[Short descriptive text snippets]
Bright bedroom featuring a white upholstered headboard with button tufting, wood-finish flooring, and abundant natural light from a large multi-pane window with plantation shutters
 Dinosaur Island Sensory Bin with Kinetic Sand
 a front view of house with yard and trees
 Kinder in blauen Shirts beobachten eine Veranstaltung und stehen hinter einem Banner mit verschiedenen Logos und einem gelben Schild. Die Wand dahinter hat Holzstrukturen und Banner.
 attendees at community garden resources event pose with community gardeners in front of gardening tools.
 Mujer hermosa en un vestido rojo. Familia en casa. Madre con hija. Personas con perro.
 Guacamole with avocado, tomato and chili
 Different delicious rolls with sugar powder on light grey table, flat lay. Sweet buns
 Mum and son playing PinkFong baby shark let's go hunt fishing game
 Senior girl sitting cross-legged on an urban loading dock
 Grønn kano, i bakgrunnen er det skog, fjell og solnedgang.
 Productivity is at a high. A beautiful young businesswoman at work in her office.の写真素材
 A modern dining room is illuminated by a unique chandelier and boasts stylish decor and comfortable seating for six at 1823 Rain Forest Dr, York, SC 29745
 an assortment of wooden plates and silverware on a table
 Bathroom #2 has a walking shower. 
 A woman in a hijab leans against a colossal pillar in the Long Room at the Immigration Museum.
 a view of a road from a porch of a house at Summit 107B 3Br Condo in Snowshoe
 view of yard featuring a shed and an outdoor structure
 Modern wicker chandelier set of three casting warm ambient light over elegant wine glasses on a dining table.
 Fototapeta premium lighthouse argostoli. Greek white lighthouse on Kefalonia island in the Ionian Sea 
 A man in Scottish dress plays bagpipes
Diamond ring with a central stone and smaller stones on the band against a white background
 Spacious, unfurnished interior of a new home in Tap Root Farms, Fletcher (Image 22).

> **WHAT THIS TASK INVOLVES**: From the data, list each line in which the string "front" appears.

> **ANSWER AREA**:
 a front view of house with yard and trees
 attendees at community garden resources event pose with community gardeners in front of gardening tools.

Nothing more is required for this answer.